* WORK INSTRUCTIONS *
Everything from the line containing "Kenna, a female" through the last line of the entries needs to be repeated exactly. Pictures must be left out.

* THE DATA *
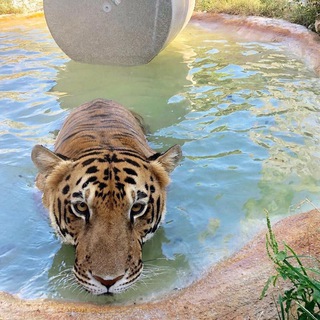 Логотип @melpinsyes - melpins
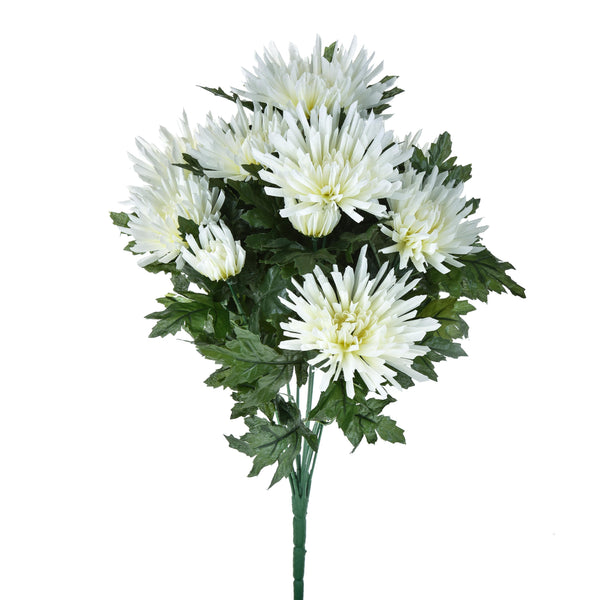 acquista Set 2 Crisantemo Fuji Spider con 12 Fiori H 52 cm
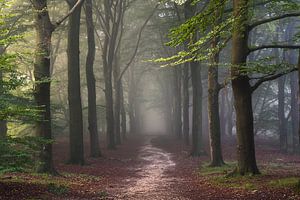 La forêt des contes de fées sur Arnoud van de Weerd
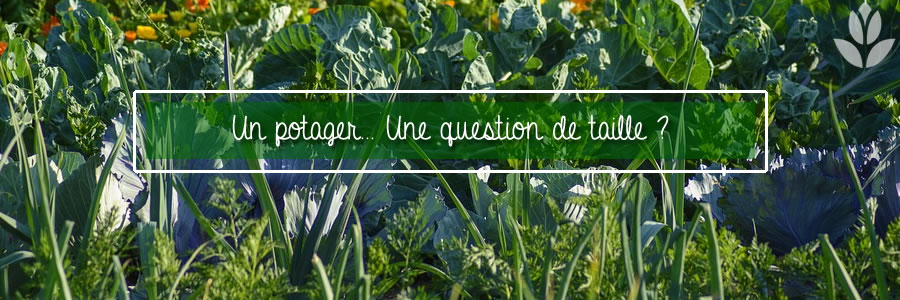 la taille du potager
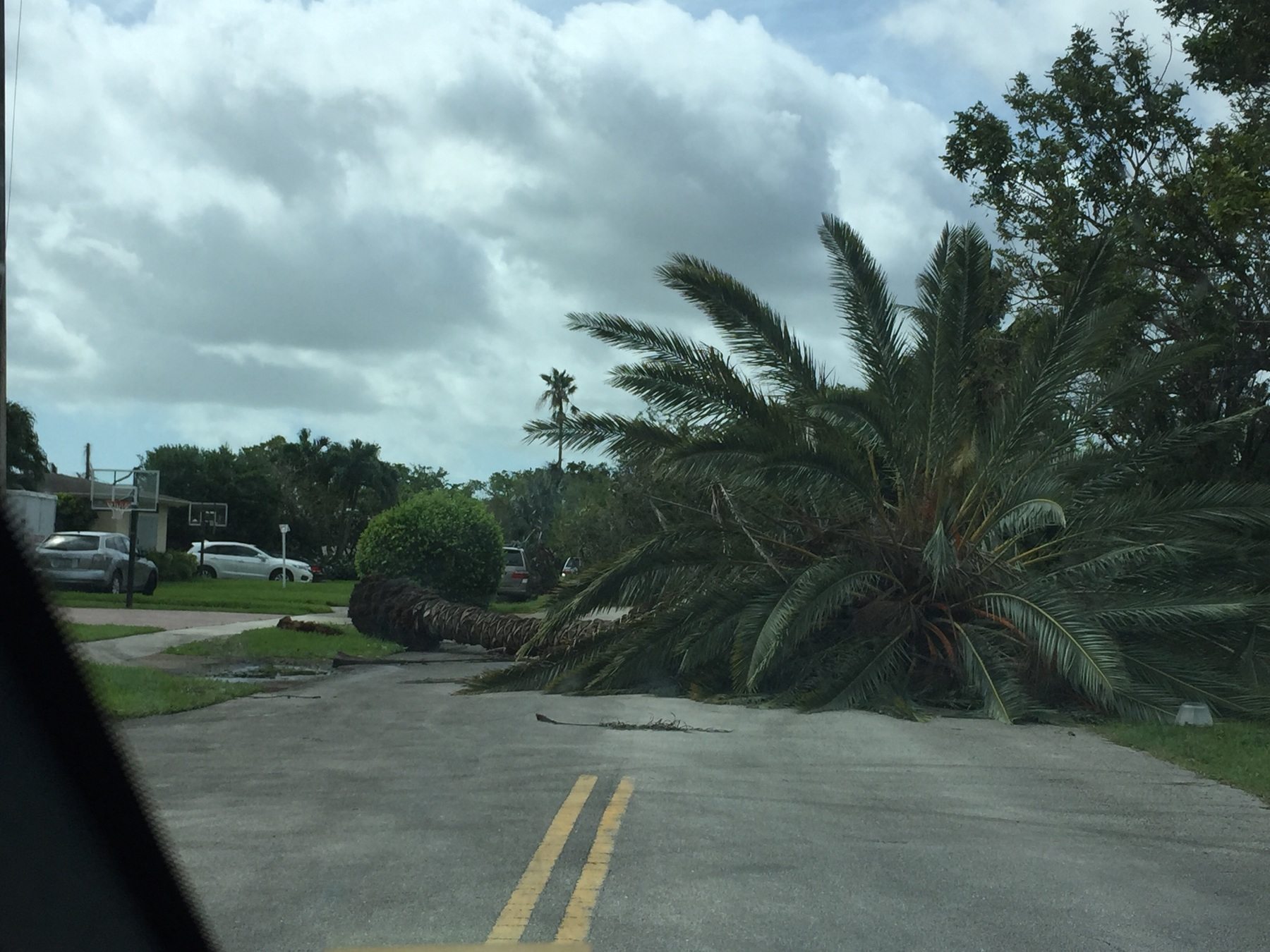 Fallen palm tree from Hurricane Irma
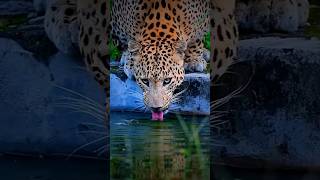 Leopard drink water from river in slow motion #animals #humanity #shorts #leopard #pets #funny #ai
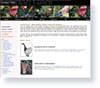 Allwebco Sample Website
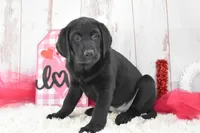 Kenna, a female Labrador Retriever for sale in Downing, MO – Photo 2 of 7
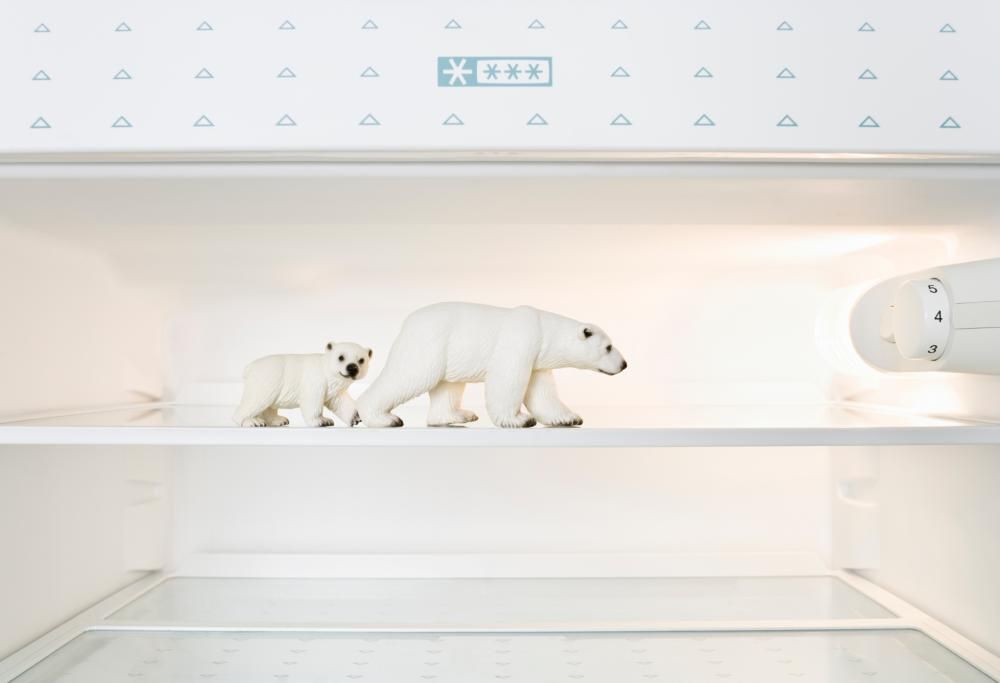 Tutti i segreti per un frigo… che vi aiuta a tenervi in forma!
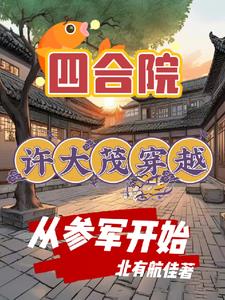 四合院:特种兵穿越参军航空报国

* RESPONSE *
 Kenna, a female Labrador Retriever for sale in Downing, MO – Photo 2 of 7
 Tutti i segreti per un frigo… che vi aiuta a tenervi in forma!
 四合院:特种兵穿越参军航空报国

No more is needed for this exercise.